And put your radios up where the antenna is with ethernet/POE
and throw all your LMR out :manhappy: ... Let ethernet packets descend your tower, not analogue signals.

Hi Homer,
Welcome to the UBNT forum.
Your statements are completely sound. You likely received the reaction that you did because what you described (radios on top of the tower, ethernet carrying data from there) is why people abandon other LMR-type solutions and adopt UBNT solutions.
In effect, you "restated the obvious" (at least, to those who have been here for a while). I don't think that is bad.

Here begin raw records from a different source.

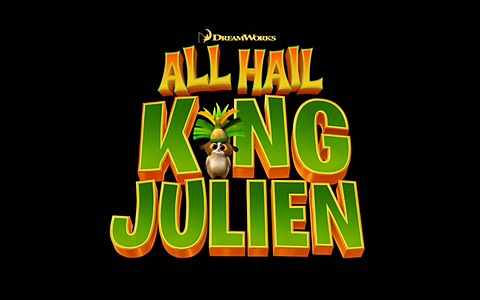 梦工场动画片《朱利安国王万岁 All Hail King Julien》第一季全5集 国语版 1080P/MP4/2.9G 百度云网盘下载-幼教库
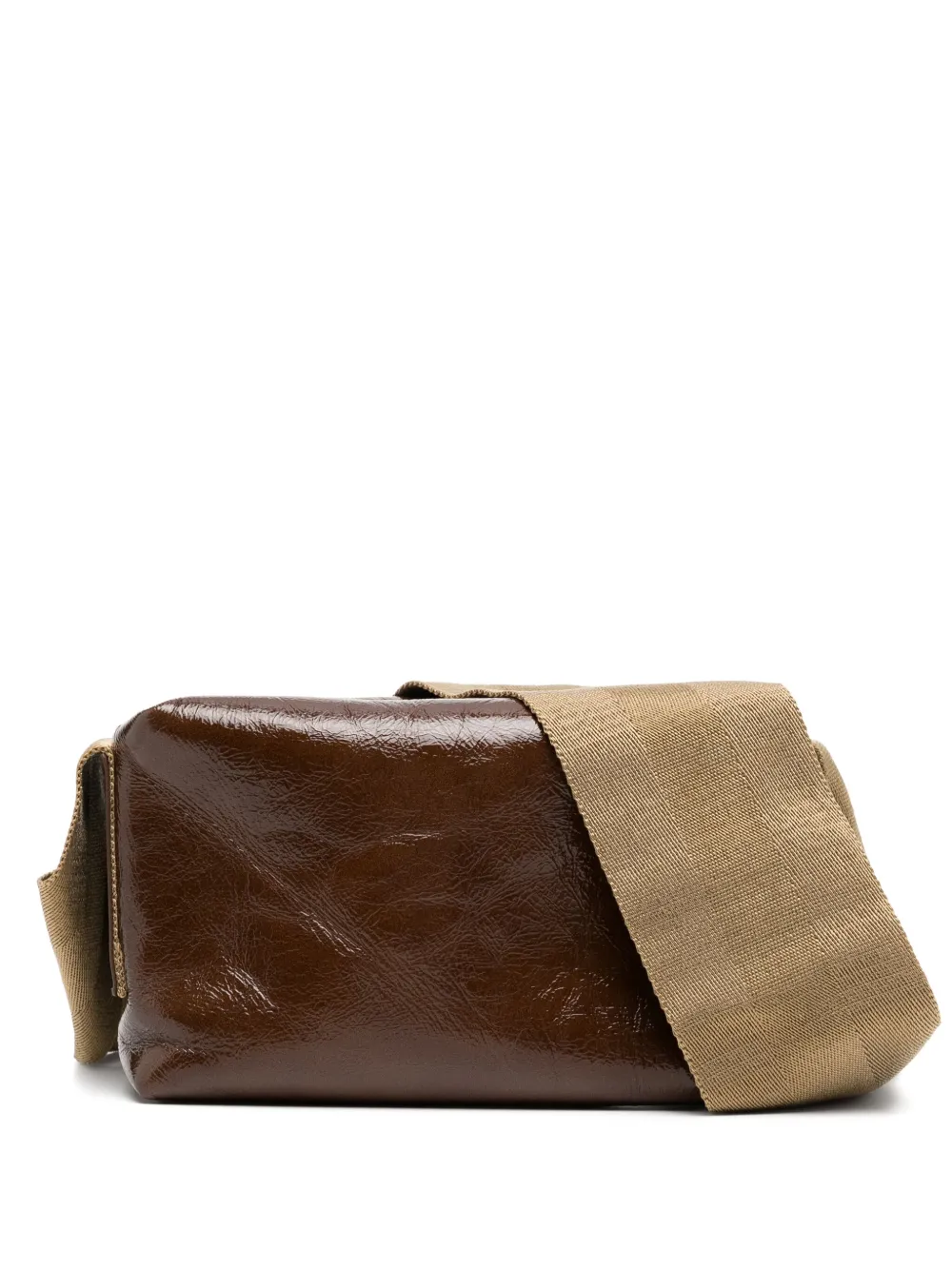 Маленькая сумка на плечо Uma Wang, коричневый
Маленькая сумка на плечо Uma Wang, коричневый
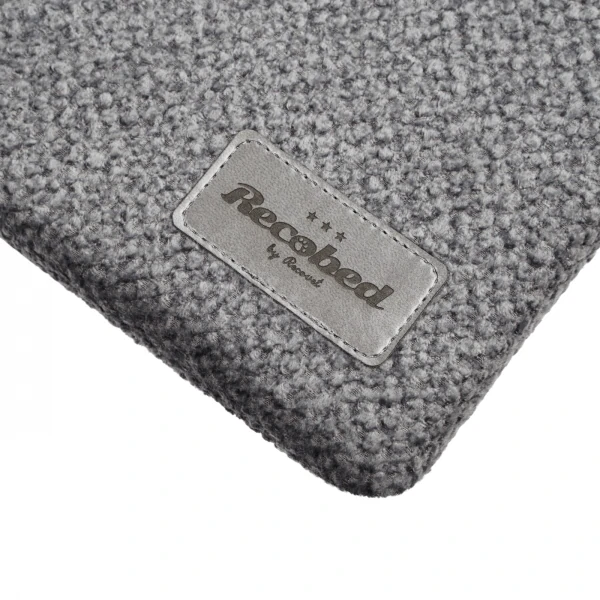 Matrac na parapet Recobed Bukla sivá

Your background obviously includes LMR-savvy. Your Ham Radio background is helpful in that regard. In fact, if you were active on the uWave bands, you would likewise be placing your transverters at the top of your tower, feeding only the much lower Intermediate Frequency down to "the shack" for the same reason that you mention.
It is nice to see that you have a WISP business going, too!
On the off-chance that you already know this anyway, here's some information that may be helpful to you as you continue to explore UBNT solutions...
You mention placing "intermediate" stations along a pathway that is otherwise not good enough to sustain direct communication. That sounds like it may have been grounded in LMR's "repeater" or "voting receiver" concept to some degree.
UBNT equipment offers several strategies that provide that level of funcationality, too.
Repeating: You can establish another AP between two points and invoke AP-AP-Station WDS repeaters. The over-the-air throughput drops by half each time one is invoked...but sometimes that is the only way.
Relaying: If you have an intermediate location for a repeater, you certainly could install a "relayer" instead (and maintain throughput speed). An intermediate relay combines a Station AND an AP in the same location. One "side" is on one channel and the other "side" is on another channel. Example:
AP(Channel-1)<~~><~~>Station
All you need at the intermediate is two UBNT radios and the electricity to power them as data will pass from one to the other at Ethernet speed (there is no RX-Buffer-TX delay that occurs with the WDS Repeater described above).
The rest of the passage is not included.